Hans Castorp tentou participar do experimento, mas, contrariando as expectativas do leitor, o autor nos nega um resultado. Mesmo que o capítulo seja abrangente e detalhado, ele não se desenvolve de forma a levar a uma conclusão, ou seja, a uma mudança espiritual e/ou intelectual, à maturidade do protagonista. O vocábulo em latim experientia vem do verbo experior e significa “colocar à prova”, o que remete mais a uma atividade permanente do que ao reconhecimento. E não é que Hans Castorp não tente! Ele faz suas experiências e, mesmo assim, continua sempre o mesmo sujeito em busca de compromissos, que o narrador apresenta de maneira antiquada.
Leitura repetida
Em sua palestra em Princeton, Mann explicou que a narrativa de A montanha mágica está desvinculada da realidade e da vida ativa e que o romance é, em si, o canto do cisne do sanatório como forma de vida. De fato, o herói, que inesperadamente precisa passar sete anos no ambiente internacional do sanatório “Berghof”, não muda nada. No entanto, ao ler o livro, tem-se a impressão de que os desafios, eventos, experimentos existenciais e espiritistas têm efeito, são úteis ou, pelo menos, exercem algum tipo de influência sobre ele. Você espera algo educativo, mas o resultado final é um “ilusionismo” ao estilo de Thomas Mann – uma história tramada desde o início, mas que só fica clara após repetidas leituras devido aos detalhes empregados e à técnica narrativa.Um estudo sobre o riso e o ilusionismo
“Farsa” e “ilusionismo” estruturam, portanto, A montanha mágica em vários níveis. Eles aparecem em montagens peculiares de discurso direto, compostas por citações criptográficas e empréstimos, e se revelam no estilo narrativo, muitas vezes desmascarando o pathos do fluxo de pensamentos dos personagens. Por fim, no mais alto nível possível, o romance inteiro – como uma coleção de técnicas narrativas incoerentes, usadas para descrever uma estada de sete anos durante a qual o protagonista permanece sendo uma tela em branco – demonstra ser ele próprio um ilusionismo. Ele é tão perfeitamente materializado quanto as visões de mundo e as ideias das quais se espera que mudem esse mundo – ou pelo menos sua dinâmica.Paradoxalmente (e esse é outro truque do autor), os leitores se apegam a essas ideias tanto quanto a Hans Castorp e esperam ansiosamente, até o fim, por mudanças e progresso. Portanto, a releitura do romance inteiro, arrogantemente reivindicada por Mann e recomendada por Adorno, revela as nuances da vida interior do protagonista e sua consequente imutabilidade – algo que fica evidente na descrição da cadeia de pensamentos do herói, que está sempre tentando algo novo, mas, mesmo assim, permanece completamente inalterado pelo novo. Nesse sentido, A montanha mágica é hoje não apenas um documento de sua época, um réquiem peculiar à cultura dos sanatórios antes da Primeira Guerra Mundial, como sugere Mann. O livro é, acima de tudo, um antídoto à ideia fixa da educação – sobretudo com a ajuda de mentores, autoridades ou ideias abstratas.

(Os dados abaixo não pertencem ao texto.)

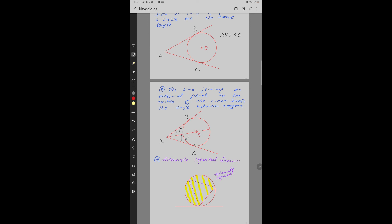Property number 10: The Alternate Segment Theorem. The highlighted region is the alternate segment. AB is a tangent at point C, and CD is a chord making an angle A degrees with the tangent. The same chord CD will make angle A degrees on the circumference in the alternate segment. A is a point on the circumference in the alternate segment, so these two angles are equal.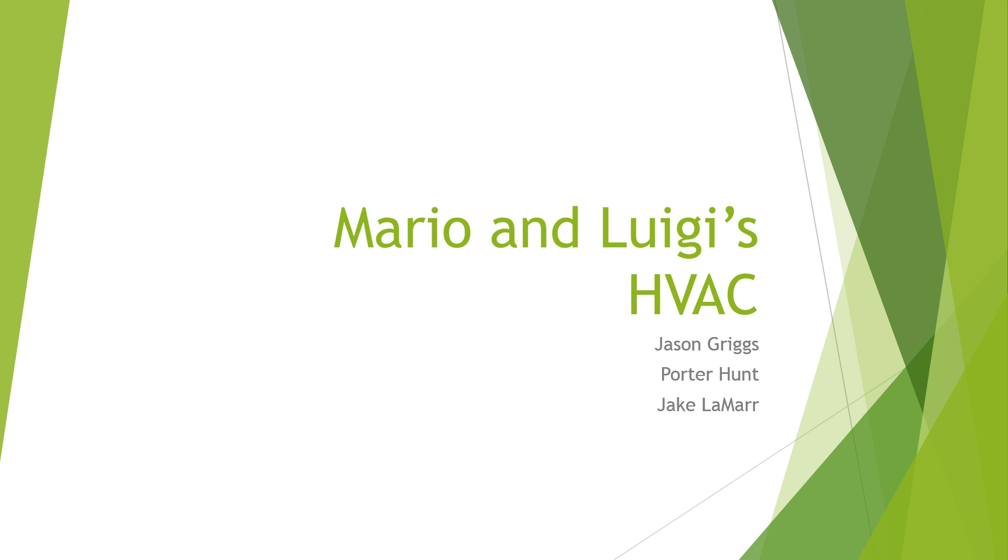Today we're going to talk about HVAC. But first of all, we'd like to thank everybody who's here for coming to our presentation.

Uma leitura múltipla revela o ilusionismo imanente de várias camadas e um riso impiedoso que decompõe a seriedade. Um riso que assalta e subjuga não apenas hierarquias, mas também a própria pessoa que ri, como Hans Castorp, quando, ao acabar de sair do trem na estação de Davos-Dorf, ouviu alguém falar sobre o costume de transportar cadáveres ladeira abaixo em trenós. Ao ouvir isso, Castorp, “de repente, rebentou em riso, um riso violento, irreprimível” – aquela “brincadeira muito séria” de Goethe citada por Mann. A leitura de A montanha mágica foi e continua sendo uma lição constante sobre o riso e o ilusionismo como forma de lidar com ideias materializadas e mortas e com o dogma igualmente morto do progresso.